RECORDED INFORMATION:
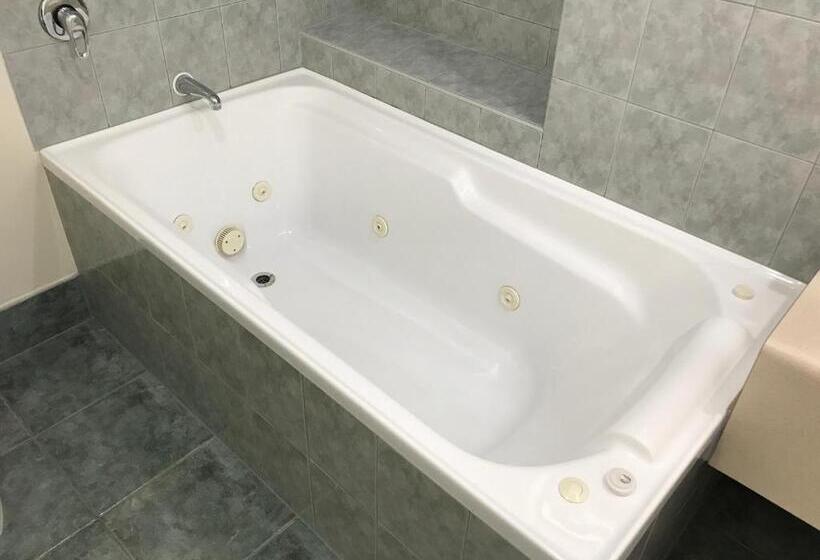 غرفة قياسية, Legends Motel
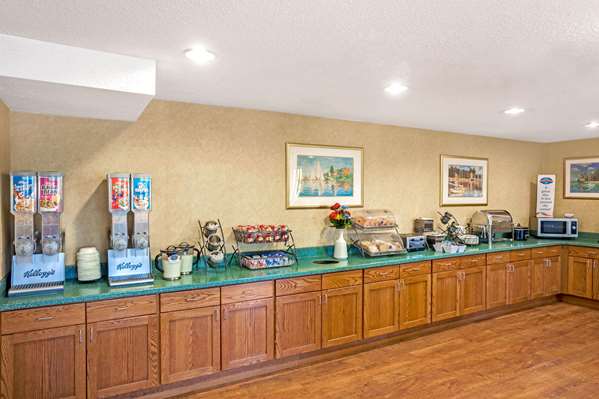  - Baymont Inn & Suites South Louisville - I-65, Exit 128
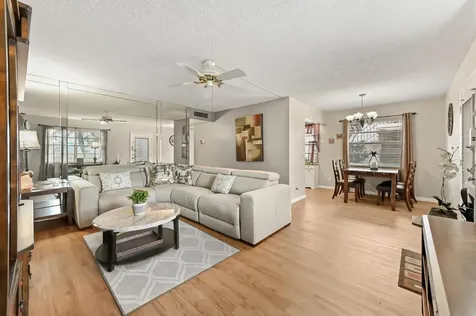 302 Capri G Delray Beach FL 33484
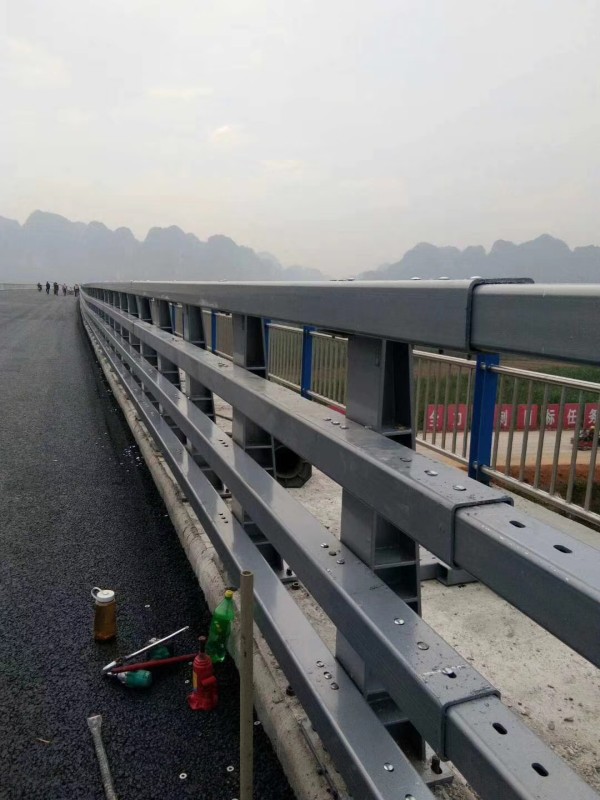 防撞護(hù)欄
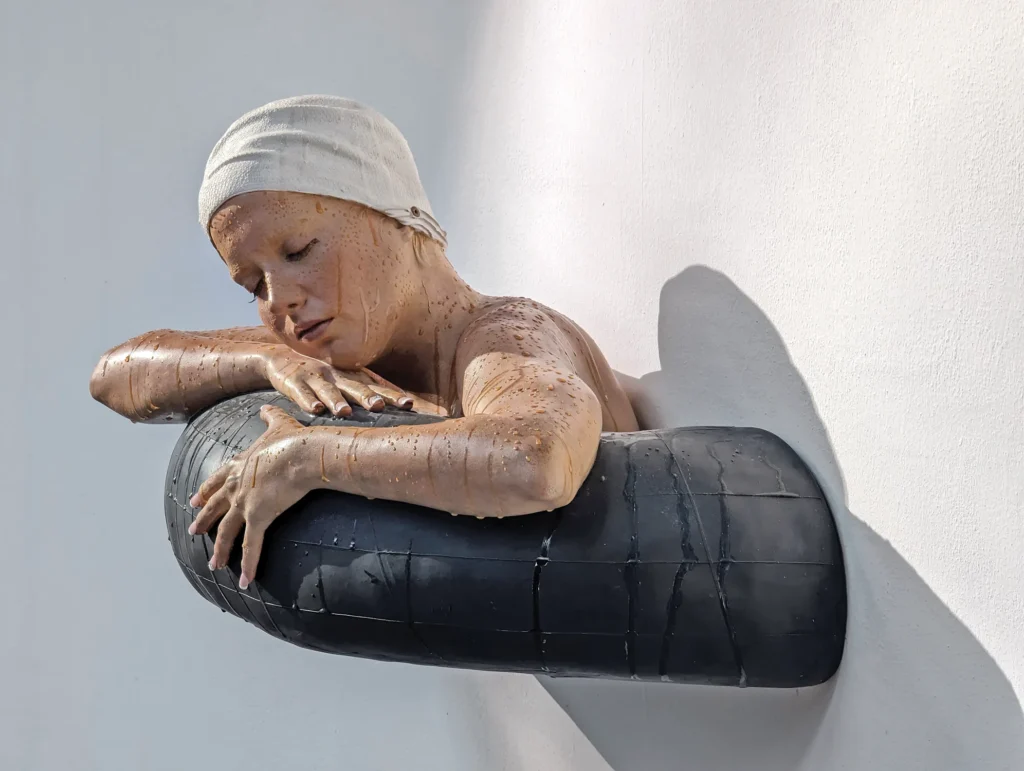 Carole Feuerman - Carole A. Feuerman Innertube, 1984–97 43.2 x 81.3 x 38.1 cm Oil on resin  Photo: David Brown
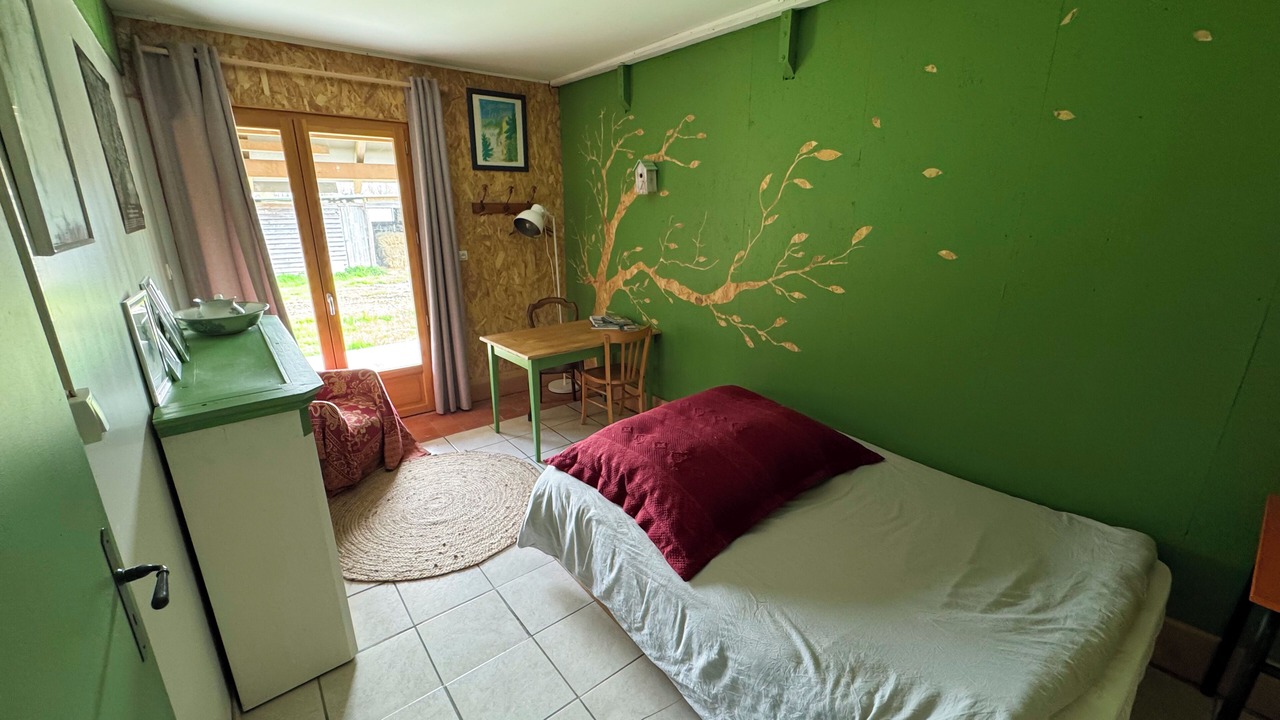 Photo of Bedroom in Saint-Parize-le-Chatel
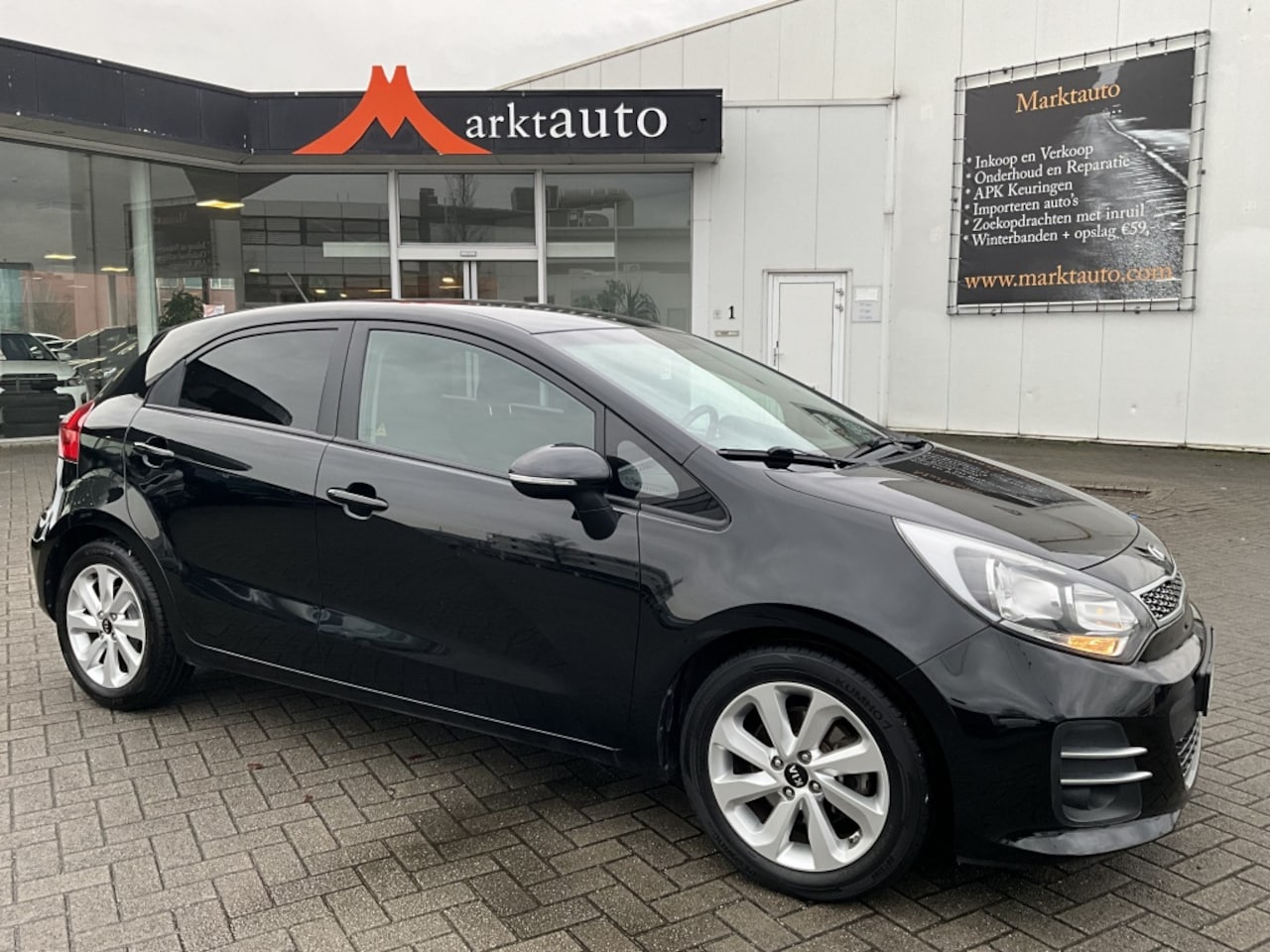 Kia Rio - 1.2 CVVT Dream Team Bluetooth Climate Pdc Stoelverwarming - AutoWereld.nl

TASK TO COMPLETE:
Verbatim copy with pictures excluded: write out the records above in full.

ANSWER TO THIS PROBLEM:
 غرفة قياسية, Legends Motel
  - Baymont Inn & Suites South Louisville - I-65, Exit 128
 302 Capri G Delray Beach FL 33484
 防撞護(hù)欄
 Carole Feuerman - Carole A. Feuerman Innertube, 1984–97 43.2 x 81.3 x 38.1 cm Oil on resin  Photo: David Brown
 Photo of Bedroom in Saint-Parize-le-Chatel
 Kia Rio - 1.2 CVVT Dream Team Bluetooth Climate Pdc Stoelverwarming - AutoWereld.nl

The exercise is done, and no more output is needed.